Hello there. Yes, me. Megan. Slightly egocentric, wildly fabulous, and blessed with an oversized heart (and ego to match). Apparently this is my moment — a sort of curriculum (or whatever humans call it), so fine, I’ll play along.


Three years ago, life took a wild turn. I was living in a local trailer park with some humans who clearly didn’t understand royalty when they saw it. One morning, they woke up and decided I was no longer part of the décor. Their exact words? “Take your stuff, you’re out.” Can you believe it? No warning. No brunch. Just out.


Naturally, I declined. Firmly. So they called in a so-called “friend” — their version of a bouncer — to deal with me. Pathetic. This sad little man (truly, I pity him) turned up and dragged me off to Lisa, the crazy resident cat lady and full-time rescuer who lived just a few trailers down. He told her, and I quote, “Either you take her, or I’ll dump her outside the fences.”


I mean... what?! Absolute caveman energy. Anyway, Lisa — hero, goddess, actual queen — scooped me up, rolled her eyes at the barbarian, and rushed me straight to Ellen’s.


And folks… I kid you not.


Heaven.


A sanctuary. A five-star, all-inclusive spa for brats like me. From the moment my glorious paws touched the floor, I was hugged, kissed, fed, fluffed, praised… I looked around and thought,

“Trailer park who? Dump me where? Sign me in — I’m never leaving.”


A little about me: I’m stunning. Obviously.
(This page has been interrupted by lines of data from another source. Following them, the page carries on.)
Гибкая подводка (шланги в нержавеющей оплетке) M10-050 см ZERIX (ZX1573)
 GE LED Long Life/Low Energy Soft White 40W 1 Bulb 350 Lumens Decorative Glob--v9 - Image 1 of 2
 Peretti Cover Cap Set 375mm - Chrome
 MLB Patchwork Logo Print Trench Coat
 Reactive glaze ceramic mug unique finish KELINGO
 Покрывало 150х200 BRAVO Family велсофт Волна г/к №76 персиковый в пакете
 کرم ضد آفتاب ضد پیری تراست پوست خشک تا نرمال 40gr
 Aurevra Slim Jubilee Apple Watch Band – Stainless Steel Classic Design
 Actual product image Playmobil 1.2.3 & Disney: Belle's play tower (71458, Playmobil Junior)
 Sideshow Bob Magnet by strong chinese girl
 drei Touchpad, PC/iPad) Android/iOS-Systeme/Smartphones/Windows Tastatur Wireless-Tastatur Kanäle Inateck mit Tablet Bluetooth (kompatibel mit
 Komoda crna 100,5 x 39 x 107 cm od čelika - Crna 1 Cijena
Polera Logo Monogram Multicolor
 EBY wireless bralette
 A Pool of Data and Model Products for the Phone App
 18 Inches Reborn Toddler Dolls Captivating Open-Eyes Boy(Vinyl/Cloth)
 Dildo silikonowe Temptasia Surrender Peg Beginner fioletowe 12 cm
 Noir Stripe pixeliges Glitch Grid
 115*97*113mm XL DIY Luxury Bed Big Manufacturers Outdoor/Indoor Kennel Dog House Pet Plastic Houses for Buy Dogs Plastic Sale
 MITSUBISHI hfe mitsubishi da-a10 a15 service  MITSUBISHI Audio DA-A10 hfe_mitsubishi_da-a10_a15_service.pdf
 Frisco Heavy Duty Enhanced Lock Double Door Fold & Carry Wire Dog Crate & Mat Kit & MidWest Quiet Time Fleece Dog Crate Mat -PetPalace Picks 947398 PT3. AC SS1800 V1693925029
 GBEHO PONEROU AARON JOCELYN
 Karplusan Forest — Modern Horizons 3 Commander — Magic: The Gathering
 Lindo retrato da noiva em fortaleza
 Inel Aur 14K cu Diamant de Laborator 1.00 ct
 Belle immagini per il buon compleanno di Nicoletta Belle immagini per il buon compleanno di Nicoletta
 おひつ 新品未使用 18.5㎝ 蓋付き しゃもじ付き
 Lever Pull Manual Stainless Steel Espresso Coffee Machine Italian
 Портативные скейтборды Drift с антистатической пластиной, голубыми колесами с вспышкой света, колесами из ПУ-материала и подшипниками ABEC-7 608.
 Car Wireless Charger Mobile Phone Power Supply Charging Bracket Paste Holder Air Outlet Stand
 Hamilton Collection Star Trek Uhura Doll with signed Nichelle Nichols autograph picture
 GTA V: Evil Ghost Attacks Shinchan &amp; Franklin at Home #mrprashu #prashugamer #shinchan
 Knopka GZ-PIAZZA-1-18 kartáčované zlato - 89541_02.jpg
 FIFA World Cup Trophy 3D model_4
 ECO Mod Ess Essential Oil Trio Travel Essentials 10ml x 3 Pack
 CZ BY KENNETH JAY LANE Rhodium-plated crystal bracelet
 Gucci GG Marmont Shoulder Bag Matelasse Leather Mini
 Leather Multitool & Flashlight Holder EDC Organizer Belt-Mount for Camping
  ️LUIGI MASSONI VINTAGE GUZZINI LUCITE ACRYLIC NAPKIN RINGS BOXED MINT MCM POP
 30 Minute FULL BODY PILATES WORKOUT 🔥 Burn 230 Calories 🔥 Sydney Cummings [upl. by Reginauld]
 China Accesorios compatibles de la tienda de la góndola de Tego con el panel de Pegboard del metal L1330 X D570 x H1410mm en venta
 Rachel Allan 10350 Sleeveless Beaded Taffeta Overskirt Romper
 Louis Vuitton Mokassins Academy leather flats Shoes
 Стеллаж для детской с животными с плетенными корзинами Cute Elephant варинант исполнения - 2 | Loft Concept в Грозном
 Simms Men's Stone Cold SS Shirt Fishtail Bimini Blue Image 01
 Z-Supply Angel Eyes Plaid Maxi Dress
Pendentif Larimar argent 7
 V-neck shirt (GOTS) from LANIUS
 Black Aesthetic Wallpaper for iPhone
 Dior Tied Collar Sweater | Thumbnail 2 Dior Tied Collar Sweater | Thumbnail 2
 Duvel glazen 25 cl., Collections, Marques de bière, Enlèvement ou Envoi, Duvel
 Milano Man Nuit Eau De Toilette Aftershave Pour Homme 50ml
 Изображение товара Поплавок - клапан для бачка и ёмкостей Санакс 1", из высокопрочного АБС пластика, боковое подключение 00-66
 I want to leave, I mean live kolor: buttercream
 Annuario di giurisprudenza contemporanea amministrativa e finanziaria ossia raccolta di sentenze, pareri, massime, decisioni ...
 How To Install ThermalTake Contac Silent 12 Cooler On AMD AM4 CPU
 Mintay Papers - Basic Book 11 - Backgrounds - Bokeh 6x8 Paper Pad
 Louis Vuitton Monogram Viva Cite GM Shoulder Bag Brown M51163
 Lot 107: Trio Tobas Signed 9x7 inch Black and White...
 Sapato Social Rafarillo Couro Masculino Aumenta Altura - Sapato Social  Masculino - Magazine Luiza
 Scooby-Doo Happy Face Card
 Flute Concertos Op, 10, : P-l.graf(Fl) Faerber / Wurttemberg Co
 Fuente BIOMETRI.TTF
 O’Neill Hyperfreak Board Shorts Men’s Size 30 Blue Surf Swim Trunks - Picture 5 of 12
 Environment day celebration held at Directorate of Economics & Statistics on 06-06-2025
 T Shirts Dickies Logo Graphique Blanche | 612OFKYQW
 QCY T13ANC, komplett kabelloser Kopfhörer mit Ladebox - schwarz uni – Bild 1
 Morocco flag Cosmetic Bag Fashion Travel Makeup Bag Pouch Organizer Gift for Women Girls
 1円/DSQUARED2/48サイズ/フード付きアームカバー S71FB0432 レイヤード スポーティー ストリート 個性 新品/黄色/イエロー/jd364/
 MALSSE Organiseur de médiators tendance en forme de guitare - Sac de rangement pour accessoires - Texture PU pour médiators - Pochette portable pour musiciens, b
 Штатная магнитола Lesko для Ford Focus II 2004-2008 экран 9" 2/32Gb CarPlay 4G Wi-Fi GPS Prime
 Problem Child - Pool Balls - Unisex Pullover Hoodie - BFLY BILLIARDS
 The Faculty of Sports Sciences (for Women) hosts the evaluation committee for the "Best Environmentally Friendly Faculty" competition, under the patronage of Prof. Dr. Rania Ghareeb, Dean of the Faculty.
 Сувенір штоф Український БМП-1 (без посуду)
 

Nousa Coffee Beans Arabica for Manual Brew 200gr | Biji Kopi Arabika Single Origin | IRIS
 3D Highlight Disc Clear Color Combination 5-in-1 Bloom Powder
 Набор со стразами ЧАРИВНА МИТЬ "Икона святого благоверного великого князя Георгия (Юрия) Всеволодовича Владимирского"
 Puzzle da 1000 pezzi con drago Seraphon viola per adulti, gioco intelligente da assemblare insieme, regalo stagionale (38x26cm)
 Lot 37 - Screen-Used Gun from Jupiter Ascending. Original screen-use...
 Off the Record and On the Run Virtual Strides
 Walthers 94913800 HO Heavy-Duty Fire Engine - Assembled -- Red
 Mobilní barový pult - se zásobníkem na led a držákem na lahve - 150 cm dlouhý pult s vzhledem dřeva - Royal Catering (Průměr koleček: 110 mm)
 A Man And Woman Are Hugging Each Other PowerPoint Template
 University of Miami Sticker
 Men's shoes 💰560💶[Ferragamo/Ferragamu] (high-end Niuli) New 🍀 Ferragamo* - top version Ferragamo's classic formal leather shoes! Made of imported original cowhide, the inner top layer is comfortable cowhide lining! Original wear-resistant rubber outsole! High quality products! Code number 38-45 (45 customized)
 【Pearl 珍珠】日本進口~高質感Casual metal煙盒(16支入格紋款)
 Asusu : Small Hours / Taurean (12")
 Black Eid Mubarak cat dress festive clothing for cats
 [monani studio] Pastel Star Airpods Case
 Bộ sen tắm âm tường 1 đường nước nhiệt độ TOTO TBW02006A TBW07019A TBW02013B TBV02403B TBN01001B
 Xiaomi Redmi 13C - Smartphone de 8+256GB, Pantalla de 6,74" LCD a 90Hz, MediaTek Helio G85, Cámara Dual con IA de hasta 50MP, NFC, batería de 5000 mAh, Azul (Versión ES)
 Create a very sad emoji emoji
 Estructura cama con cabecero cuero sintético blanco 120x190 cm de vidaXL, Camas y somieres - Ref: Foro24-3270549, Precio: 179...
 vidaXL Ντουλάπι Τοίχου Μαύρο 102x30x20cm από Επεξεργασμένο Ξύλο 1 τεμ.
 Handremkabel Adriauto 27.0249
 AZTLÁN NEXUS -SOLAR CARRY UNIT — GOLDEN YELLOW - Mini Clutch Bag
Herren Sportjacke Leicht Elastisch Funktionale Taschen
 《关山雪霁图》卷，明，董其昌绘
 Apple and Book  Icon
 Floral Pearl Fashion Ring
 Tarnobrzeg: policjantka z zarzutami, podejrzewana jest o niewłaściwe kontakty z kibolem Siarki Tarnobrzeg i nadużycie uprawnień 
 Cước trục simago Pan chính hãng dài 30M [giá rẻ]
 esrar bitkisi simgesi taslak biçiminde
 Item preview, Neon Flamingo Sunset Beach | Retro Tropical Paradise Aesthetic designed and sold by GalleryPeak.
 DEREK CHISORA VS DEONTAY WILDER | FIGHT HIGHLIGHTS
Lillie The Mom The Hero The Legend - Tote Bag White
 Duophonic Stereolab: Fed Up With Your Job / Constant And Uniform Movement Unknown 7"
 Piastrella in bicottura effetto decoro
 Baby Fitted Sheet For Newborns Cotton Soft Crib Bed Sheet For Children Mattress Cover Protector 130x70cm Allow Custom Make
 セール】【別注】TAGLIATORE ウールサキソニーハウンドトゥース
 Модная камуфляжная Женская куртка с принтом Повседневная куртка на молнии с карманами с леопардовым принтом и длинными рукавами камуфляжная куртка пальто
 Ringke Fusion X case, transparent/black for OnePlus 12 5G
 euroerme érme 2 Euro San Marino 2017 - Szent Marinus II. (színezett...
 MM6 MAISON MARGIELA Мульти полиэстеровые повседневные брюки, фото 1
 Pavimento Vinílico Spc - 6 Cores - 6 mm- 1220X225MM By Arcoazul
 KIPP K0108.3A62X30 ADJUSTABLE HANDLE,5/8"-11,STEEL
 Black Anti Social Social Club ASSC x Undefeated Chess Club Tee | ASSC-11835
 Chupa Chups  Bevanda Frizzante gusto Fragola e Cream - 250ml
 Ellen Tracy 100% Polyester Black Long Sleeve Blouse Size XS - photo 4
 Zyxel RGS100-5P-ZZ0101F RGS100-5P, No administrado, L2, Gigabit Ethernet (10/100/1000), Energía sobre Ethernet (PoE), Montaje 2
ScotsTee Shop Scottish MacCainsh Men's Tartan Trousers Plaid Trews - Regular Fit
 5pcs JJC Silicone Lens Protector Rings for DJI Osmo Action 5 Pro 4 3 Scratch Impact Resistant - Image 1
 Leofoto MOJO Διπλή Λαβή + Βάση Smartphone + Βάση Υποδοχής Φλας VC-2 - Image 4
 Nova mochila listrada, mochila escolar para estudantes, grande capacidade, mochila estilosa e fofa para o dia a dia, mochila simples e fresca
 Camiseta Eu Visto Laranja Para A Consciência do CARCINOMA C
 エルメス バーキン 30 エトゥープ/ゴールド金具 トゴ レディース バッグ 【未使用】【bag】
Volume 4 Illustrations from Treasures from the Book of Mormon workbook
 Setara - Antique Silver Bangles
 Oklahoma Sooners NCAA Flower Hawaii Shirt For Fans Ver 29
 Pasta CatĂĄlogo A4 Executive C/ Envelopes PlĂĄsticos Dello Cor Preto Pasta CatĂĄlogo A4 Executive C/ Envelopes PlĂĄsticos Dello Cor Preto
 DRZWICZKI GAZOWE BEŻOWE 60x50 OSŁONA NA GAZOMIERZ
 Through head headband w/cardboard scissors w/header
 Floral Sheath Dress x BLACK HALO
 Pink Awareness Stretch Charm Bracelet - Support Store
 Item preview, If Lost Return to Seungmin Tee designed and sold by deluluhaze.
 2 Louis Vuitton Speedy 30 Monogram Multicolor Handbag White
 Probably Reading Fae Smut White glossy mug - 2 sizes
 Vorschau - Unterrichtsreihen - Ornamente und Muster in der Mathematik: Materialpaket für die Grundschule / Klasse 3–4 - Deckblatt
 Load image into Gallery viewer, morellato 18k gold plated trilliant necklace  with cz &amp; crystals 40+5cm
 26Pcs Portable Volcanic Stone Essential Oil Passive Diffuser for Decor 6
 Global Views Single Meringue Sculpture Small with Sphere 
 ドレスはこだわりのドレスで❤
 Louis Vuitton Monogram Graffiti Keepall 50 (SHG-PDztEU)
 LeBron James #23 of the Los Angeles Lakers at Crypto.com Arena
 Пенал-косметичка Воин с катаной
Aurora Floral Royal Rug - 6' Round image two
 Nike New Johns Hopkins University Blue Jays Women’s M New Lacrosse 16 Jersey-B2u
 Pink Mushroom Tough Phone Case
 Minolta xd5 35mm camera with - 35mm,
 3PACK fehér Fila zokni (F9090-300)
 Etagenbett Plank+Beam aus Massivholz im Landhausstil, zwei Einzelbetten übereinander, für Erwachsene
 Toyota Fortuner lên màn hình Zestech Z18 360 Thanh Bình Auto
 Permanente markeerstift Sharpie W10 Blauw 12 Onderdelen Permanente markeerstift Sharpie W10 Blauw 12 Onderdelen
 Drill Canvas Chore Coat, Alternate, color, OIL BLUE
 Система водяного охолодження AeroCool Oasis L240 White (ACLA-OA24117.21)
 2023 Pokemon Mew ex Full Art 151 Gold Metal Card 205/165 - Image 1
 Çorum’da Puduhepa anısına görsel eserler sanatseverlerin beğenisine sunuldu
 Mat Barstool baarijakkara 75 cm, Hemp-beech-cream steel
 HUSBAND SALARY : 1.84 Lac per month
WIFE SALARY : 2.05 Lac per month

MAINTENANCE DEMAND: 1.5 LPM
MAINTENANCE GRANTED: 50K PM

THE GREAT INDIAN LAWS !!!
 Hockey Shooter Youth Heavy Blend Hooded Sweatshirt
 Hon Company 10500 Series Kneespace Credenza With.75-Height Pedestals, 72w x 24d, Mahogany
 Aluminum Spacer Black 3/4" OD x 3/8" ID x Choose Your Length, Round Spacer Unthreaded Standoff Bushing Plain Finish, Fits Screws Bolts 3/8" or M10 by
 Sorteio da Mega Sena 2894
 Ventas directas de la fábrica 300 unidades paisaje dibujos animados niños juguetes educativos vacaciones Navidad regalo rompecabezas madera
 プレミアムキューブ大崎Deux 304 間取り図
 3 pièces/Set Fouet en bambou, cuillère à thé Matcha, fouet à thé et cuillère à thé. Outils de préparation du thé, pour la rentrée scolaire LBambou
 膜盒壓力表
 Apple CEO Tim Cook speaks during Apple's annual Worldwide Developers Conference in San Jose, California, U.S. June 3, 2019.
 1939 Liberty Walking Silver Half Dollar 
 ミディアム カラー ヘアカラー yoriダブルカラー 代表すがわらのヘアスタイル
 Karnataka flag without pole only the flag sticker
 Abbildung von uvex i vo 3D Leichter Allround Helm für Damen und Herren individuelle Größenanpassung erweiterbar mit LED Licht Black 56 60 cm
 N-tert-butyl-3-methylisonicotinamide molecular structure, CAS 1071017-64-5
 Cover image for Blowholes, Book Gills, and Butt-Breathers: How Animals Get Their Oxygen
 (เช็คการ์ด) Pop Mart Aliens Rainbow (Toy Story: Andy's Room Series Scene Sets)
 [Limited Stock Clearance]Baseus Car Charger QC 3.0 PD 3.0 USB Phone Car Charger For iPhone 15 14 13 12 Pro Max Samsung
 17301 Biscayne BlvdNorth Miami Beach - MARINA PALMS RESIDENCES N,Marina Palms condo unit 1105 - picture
I’m healthy — no drama, no trauma.

I do suffer from a mild case of It’s All About Me Syndrome, but who doesn’t these days?

I run a tight ship here. I hand out complimentary slaps to freeloaders who forget their place — purely as a service, of course. A light reminder that this palace? Mine!


But don’t get me wrong — I’m sweet. Cuddly, even. Especially with my new humans. I sleep in pole position in my dad’s bed. And by “pole position” I mean on the pillow. Next to his head. Like the royalty I am.


So that’s me. Megan.


Come by and say hi when you visit. You bring snacks, I’ll bring the charm (and maybe a slap if you get fresh — fair warning).